If a line comes after the one containing "Brittany Walker Konsella", leave it out; copy every line before it, and that line too, exactly as written, starting from the first line of the entries.

= Data under study =
- Opening Delimiter -
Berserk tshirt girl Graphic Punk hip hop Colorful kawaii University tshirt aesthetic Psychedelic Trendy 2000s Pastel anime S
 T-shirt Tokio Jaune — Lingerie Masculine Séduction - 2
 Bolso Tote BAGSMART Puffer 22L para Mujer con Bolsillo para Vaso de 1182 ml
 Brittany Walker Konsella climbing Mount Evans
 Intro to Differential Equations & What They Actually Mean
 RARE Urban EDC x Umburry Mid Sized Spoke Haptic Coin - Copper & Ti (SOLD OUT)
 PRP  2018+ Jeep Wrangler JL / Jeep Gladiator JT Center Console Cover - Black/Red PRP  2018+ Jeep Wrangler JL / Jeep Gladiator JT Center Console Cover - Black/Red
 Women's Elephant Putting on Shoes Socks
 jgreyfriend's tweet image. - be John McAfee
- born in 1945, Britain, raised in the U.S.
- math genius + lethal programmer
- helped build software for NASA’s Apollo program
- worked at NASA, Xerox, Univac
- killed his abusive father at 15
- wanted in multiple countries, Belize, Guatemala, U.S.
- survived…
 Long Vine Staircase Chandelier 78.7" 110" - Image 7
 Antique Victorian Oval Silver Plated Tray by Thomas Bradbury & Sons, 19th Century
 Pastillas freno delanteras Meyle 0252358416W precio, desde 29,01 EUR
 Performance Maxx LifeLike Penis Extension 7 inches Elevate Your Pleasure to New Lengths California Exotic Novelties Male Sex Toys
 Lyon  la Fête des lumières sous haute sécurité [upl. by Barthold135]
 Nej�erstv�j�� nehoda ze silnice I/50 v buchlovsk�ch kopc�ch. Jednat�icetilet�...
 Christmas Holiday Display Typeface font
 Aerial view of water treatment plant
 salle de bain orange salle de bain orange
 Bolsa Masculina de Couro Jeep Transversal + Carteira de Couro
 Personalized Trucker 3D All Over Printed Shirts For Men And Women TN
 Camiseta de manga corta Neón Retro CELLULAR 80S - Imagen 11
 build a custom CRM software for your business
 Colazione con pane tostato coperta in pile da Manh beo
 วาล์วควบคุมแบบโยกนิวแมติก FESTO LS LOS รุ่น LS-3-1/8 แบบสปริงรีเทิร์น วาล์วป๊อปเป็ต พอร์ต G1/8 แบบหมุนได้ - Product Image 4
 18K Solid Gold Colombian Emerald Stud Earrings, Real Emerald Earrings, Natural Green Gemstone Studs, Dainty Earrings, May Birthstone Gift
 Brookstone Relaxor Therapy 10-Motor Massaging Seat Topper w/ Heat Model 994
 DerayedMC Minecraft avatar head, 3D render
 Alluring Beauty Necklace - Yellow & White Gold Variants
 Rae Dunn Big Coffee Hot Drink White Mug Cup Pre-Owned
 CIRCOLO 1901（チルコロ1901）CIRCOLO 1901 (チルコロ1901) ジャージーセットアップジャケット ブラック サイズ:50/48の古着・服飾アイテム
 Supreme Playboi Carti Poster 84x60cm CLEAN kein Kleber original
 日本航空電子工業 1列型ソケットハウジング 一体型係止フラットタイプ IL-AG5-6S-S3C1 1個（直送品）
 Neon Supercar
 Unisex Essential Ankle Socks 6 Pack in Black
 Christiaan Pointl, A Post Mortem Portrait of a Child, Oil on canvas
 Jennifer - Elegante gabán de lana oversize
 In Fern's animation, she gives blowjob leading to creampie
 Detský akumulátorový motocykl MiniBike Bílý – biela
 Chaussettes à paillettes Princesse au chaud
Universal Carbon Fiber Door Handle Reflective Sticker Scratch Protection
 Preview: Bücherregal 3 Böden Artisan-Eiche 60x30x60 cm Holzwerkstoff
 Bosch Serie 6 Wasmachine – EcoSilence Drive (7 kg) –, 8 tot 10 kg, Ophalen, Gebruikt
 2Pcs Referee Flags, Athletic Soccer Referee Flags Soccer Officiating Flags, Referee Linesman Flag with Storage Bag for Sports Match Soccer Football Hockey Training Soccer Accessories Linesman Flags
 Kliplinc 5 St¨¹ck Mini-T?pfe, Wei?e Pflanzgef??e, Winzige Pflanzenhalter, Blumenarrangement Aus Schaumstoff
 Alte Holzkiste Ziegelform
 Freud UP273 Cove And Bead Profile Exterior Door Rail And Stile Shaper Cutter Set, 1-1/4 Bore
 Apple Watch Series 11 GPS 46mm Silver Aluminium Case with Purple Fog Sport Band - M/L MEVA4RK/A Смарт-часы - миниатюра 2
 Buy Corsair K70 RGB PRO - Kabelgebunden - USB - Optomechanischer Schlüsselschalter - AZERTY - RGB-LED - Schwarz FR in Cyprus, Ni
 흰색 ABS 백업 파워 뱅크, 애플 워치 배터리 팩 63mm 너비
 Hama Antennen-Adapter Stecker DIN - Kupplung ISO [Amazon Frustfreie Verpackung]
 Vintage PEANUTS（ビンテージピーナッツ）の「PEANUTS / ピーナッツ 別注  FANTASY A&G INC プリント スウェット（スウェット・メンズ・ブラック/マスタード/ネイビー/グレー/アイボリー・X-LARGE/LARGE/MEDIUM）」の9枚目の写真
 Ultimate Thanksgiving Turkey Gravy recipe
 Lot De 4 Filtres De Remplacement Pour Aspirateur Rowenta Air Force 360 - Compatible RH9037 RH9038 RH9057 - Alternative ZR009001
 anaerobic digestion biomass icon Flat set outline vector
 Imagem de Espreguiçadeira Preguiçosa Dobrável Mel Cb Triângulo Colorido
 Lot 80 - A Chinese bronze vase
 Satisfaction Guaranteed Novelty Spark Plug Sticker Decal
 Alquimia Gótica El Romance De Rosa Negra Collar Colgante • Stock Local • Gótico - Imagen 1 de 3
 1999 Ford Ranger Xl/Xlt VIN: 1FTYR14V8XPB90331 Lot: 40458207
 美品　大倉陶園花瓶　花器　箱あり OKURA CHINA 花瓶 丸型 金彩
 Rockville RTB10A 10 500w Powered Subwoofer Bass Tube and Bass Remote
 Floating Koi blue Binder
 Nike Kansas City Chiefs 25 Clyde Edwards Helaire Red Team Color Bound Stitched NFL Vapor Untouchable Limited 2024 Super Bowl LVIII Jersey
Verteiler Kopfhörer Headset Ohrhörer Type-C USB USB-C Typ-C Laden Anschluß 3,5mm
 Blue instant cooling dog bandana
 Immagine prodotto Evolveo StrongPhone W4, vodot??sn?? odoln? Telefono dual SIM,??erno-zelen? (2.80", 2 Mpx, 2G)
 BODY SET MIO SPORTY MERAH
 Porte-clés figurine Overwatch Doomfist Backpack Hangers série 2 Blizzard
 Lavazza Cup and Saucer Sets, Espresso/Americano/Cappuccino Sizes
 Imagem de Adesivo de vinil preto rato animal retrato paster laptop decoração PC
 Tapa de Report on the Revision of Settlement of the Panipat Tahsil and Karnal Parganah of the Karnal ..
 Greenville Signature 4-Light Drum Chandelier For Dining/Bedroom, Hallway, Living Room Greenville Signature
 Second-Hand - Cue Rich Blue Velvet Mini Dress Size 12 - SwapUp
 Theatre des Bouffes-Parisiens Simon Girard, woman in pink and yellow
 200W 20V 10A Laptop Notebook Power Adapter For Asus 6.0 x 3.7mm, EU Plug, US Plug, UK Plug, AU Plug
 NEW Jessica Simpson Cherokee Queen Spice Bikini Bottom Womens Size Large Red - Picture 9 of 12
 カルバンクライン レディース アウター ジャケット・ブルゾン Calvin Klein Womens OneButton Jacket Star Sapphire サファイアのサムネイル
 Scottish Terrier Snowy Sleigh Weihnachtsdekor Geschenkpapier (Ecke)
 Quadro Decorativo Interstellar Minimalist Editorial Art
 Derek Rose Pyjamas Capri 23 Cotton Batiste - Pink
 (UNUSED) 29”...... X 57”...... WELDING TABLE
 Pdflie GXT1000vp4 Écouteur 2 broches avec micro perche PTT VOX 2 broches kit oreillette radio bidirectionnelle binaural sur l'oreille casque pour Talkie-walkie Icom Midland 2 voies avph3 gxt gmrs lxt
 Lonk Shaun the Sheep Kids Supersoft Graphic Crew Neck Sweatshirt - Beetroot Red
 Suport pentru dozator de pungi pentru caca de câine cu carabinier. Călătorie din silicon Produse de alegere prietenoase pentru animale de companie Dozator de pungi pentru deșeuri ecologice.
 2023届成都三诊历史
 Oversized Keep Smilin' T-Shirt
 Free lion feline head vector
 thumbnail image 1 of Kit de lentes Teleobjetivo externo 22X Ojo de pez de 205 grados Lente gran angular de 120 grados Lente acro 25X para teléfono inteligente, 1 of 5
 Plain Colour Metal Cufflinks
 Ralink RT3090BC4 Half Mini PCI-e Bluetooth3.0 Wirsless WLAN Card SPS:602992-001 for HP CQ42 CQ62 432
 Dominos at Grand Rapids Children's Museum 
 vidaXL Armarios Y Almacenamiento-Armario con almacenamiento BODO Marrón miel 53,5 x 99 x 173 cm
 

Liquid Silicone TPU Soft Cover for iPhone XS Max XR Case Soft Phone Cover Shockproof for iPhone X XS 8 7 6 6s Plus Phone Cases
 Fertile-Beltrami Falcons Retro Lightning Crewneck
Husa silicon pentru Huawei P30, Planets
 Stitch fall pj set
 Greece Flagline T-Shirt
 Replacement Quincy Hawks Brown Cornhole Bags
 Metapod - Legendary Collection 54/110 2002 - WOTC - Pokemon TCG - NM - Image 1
- Closing Delimiter -
= Written answer =
Berserk tshirt girl Graphic Punk hip hop Colorful kawaii University tshirt aesthetic Psychedelic Trendy 2000s Pastel anime S
 T-shirt Tokio Jaune — Lingerie Masculine Séduction - 2
 Bolso Tote BAGSMART Puffer 22L para Mujer con Bolsillo para Vaso de 1182 ml
 Brittany Walker Konsella climbing Mount Evans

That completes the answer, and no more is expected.